Rents in Manitoba are among the lowest in Canada. For example, the average one-bedroom rent in Winnipeg is $1,392 cheaper annually than in neighbouring Saskatoon, which has no rent regulation.
Mackintosh noted that more than 800 new rental units are now under construction, outpacing other Canadian provinces and setting an historic record for Manitoba. The province is continuing to develop strategies to help sustain this trend and increase the supply of housing, building on the introduction of tax increment financing to stimulate downtown construction, secondary suite incentives and historic public investment through HOMEWorks!.
“We are pleased that Dr. Grant has found our rent regulation program is ‘well designed’ and achieves an appropriate balance between giving tenants greater security by protecting them from unwarranted rent increases while ensuring landlords can recover costs incurred to operate the rental property,” the minister said.
Grant finds that “There is no evidence that Manitoba’s rent regulation program has a negative impact on the supply of rental accommodation, either in the conversion of existing units to condominium ownership, or in slowing the rate of construction of new rental units.” To the contrary, he finds the regulations offer “…an incentive for landlords to undertake expenditures on maintenance, repair and capital improvements…” and the program “…has maintained a stable policy environment, an important consideration for entrepreneurs when considering a large investment in an extremely durable asset.”
Grant also concludes that, when it comes to rent, “…unwarranted increases, or ‘gouging’ that might be expected in a period of excess demand, have been prevented.”

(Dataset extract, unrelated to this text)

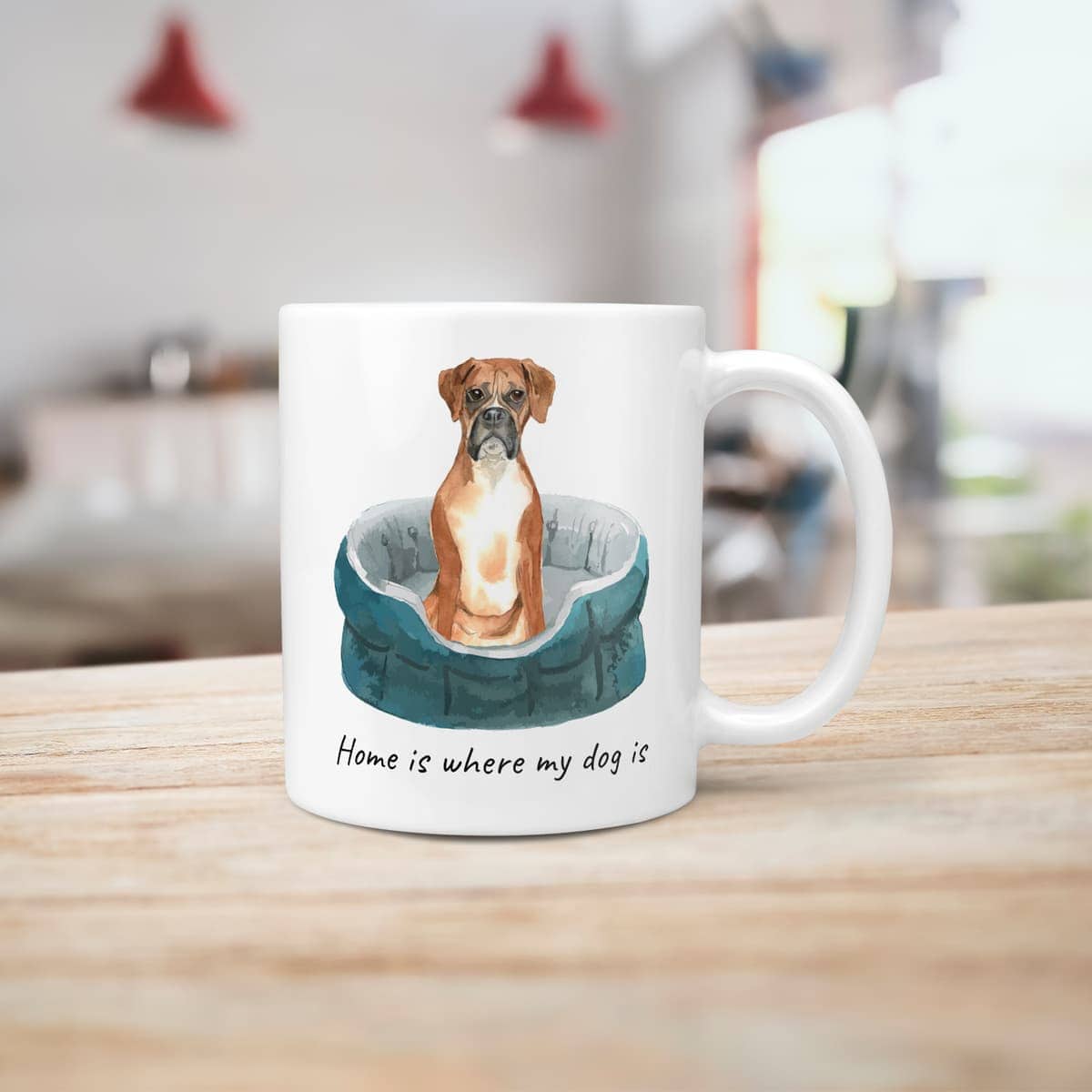 Home is where my dog is Boxer dog mug (Illustrated collection) 7 Home is where my dog is Boxer dog mug (Illustrated collection) - Image 5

Grant advises the primary cause of relatively low vacancy rates is the “…recent increase in demand for rental accommodation, associated with the success of the Provincial Nominee Program.”
He says “…the supply response has been slow, but not unusually so.”
In June 2010, the province strengthened protections for tenants by extending the eviction notice to five months depending on the vacancy rate when an apartment is to undergo major renovations and requiring landlords to pay up to $500 for moving costs when terminating tenancies for major renovations.
Grant’s report can be seen at www.manitoba.ca/fs/cca/pubs/rental_report.pdf.